Which PPI is Best?
Esomeprazole 20-40 mg twice daily or rabeprazole 20-40 mg twice daily are the preferred PPIs due to their superior potency, with pantoprazole specifically recommended to be avoided. 1
Relative Potency Rankings
PPIs vary remarkably in acid suppression capability, and this directly impacts clinical outcomes, particularly in amoxicillin-containing H. pylori regimens 1:
- Rabeprazole 20 mg = 36 mg omeprazole equivalent 1
- Esomeprazole 20 mg = 32 mg omeprazole equivalent 1
- Lansoprazole 30 mg = 27 mg omeprazole equivalent 1
- Pantoprazole 40 mg = 9 mg omeprazole equivalent (weakest, should be avoided) 1
Clinical Application by Indication
H. pylori Eradication
Use esomeprazole 40 mg twice daily or rabeprazole 40 mg twice daily in combination regimens 1. Higher-potency PPIs utilized twice daily produce optimal outcomes, especially with amoxicillin-containing regimens 1. If cost is equivalent, esomeprazole or rabeprazole are explicitly recommended over other agents 1.
Eosinophilic Esophagitis (EoE)
Omeprazole 20 mg twice daily is the only PPI formally assessed for EoE treatment 1. High-dose PPI (omeprazole 20 mg twice daily) achieved 50.8% clinicopathological response versus 35.8% with standard/low-dose regimens 1. Treatment should continue for 8-12 weeks before assessing histological response 1.

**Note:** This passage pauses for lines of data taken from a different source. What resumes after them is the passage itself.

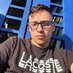 Matheus (@matheus19916488) Twitter profile photo Matheus (@matheus19916488) Twitter profile photo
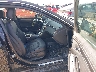 1G6DC5EYXB0****** Used and Repairable 2011 Cadillac CTS in Ohio State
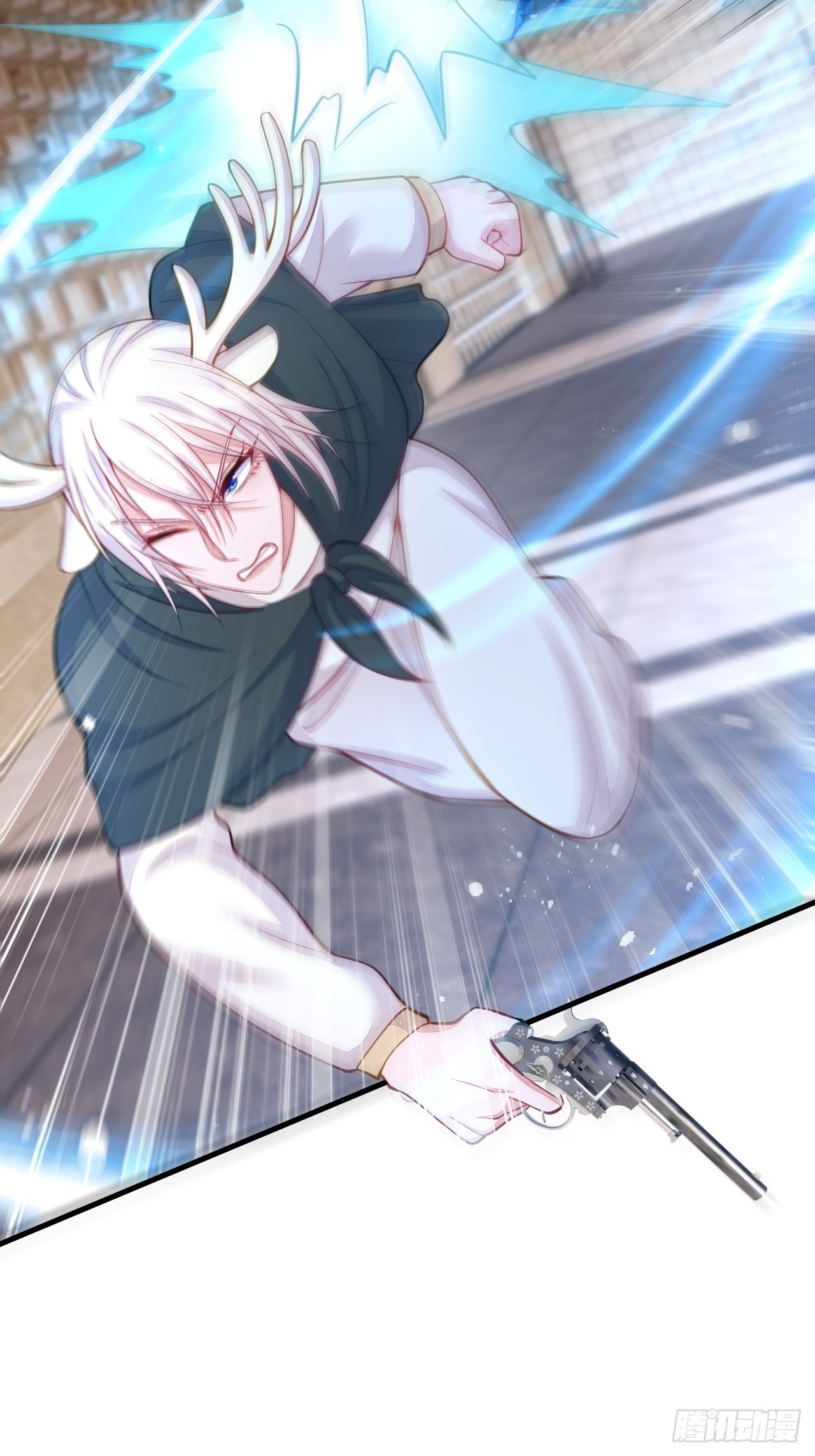 第45话3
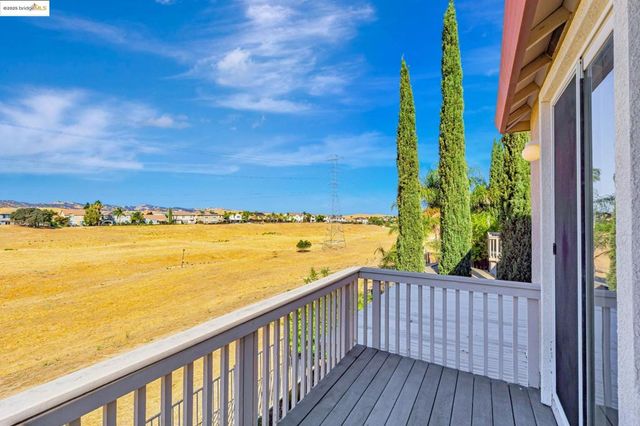 2665 Torrey Pines Dr, Brentwood, CA 94513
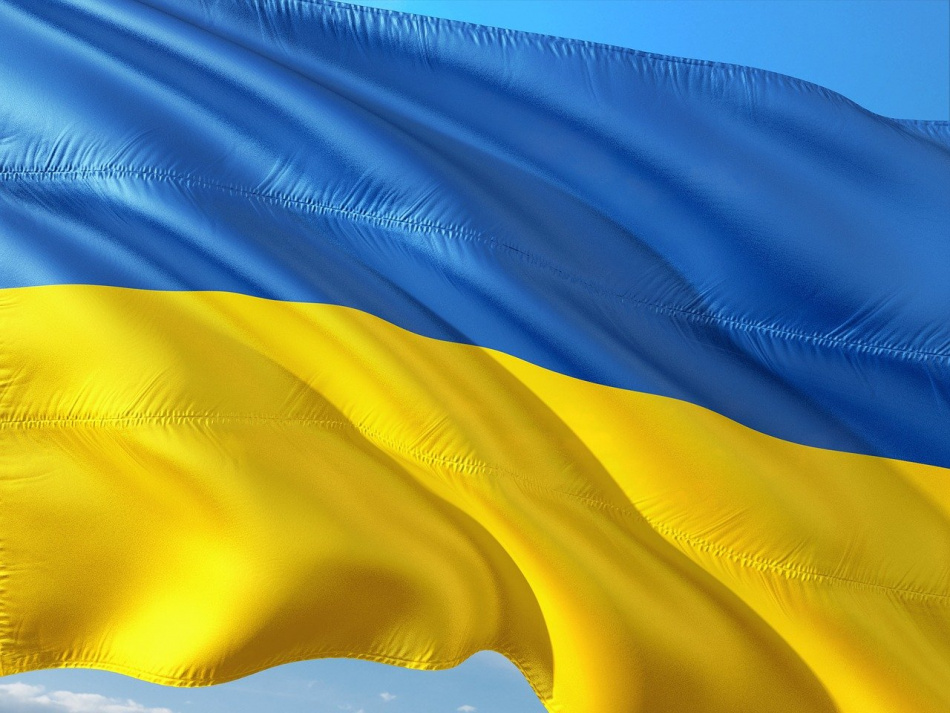 Шольц допустил затягивание конфликта на Украине на четыре года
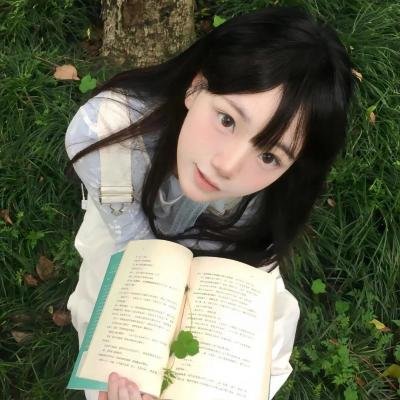 超级甜蜜16岁：电影版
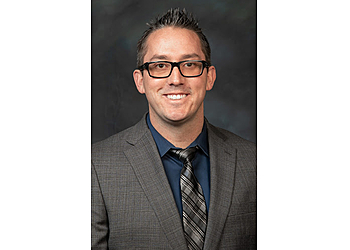 Mike Watson - WATSON AND ASSOCIATES | KELLER WILLIAMS REALTY Mike Watson - Palmdale, CA Real Estate Agents - Professional Agent Image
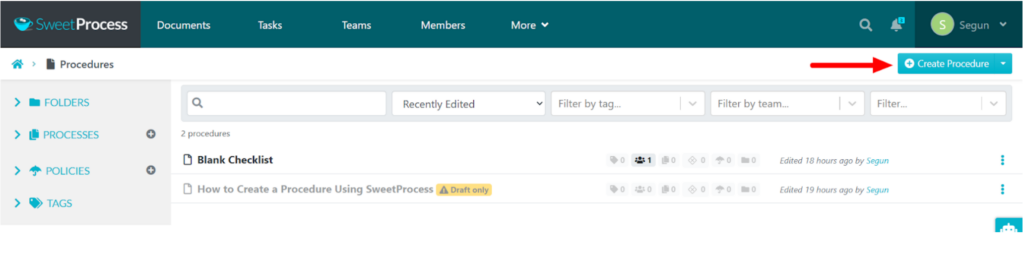client-onboarding-software-4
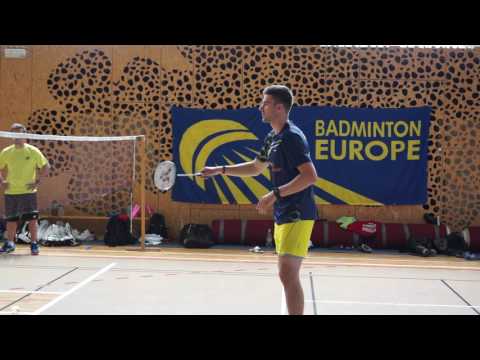 BEC Summer School 2017 - DAY 4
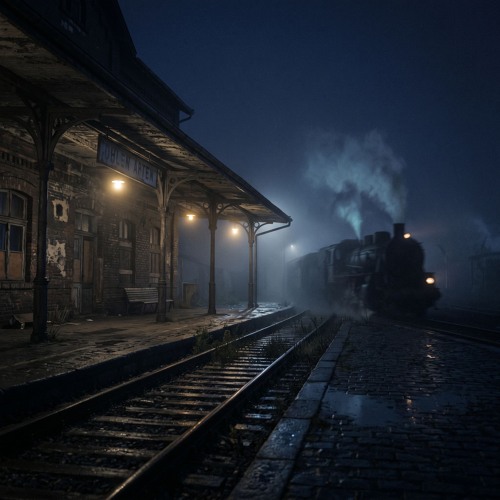 track-artwork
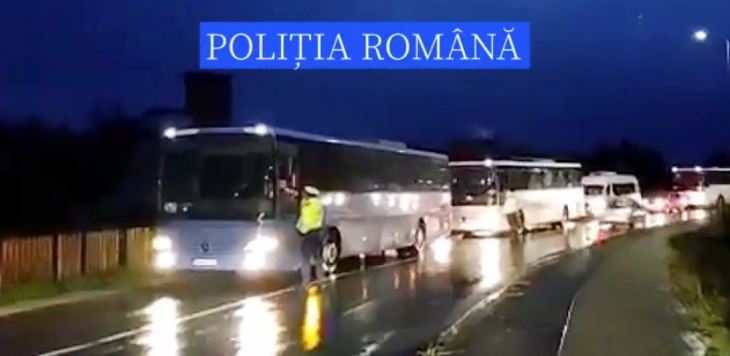 Acțiune „Blitz" desfășurată de polițiștii rutieri din Brașov / Trei autovehicule de transport persoane au fost imobilizate de agenți 3 transport 3_291992.png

GERD and Erosive Esophagitis
For mild erosive esophagitis (LA grade A/B), standard once-daily dosing of any PPI is generally adequate 1. For severe erosive esophagitis (LA grade C/D), higher potency PPIs (esomeprazole or rabeprazole) may be considered 1, though the 2024 AGA guidance notes that cost considerations may outweigh modest clinical superiority over double-dose standard PPIs 1.
Peptic Ulcer Disease
Standard doses heal >90% of duodenal ulcers in 4 weeks and gastric ulcers in 6-8 weeks across all PPIs 2, 3. Omeprazole 20 mg daily, lansoprazole 30 mg daily, pantoprazole 40 mg daily, or rabeprazole 20 mg daily are all effective 2, though given the potency data, esomeprazole or rabeprazole would be preferred when cost is equivalent 1.
Dosing Strategy
Twice-daily dosing is superior to increasing once-daily dose strength 4. Increasing once-daily PPI strength (9-64 mg omeprazole equivalents) increases pH>4 time from 10.0 to 15.6 hours, but higher doses produce no further benefit 4. Twice-daily dosing increases pH>4 time linearly from 15.8 to 21.0 hours 4. Three-times daily dosing offers no advantage over twice-daily 4.
Important Caveats
Pantoprazole should be avoided when higher acid suppression is needed 1. Its dramatically lower potency (40 mg pantoprazole = only 9 mg omeprazole) makes it the least effective option 1.
The 2024 AGA guidance emphasizes that potassium-competitive acid blockers (P-CABs) should generally not be used as first-line therapy due to cost, access barriers, and limited long-term safety data, despite modest clinical advantages 1. P-CABs are recommended specifically for H. pylori eradication regimens 1.
All PPIs have excellent long-term safety profiles 5. Serious adverse events are extremely rare, with no convincing evidence of increased risk for gastric atrophy, carcinoid tumors, or vitamin B12 deficiency in most patients 5.
Cost Considerations
When cost is equivalent between agents, esomeprazole 20-40 mg twice daily or rabeprazole 20-40 mg twice daily should be selected 1. Cost variation among PPIs is substantial but not directly related to potency 4. Generic omeprazole remains widely used and effective, though less potent than esomeprazole or rabeprazole 1, 4.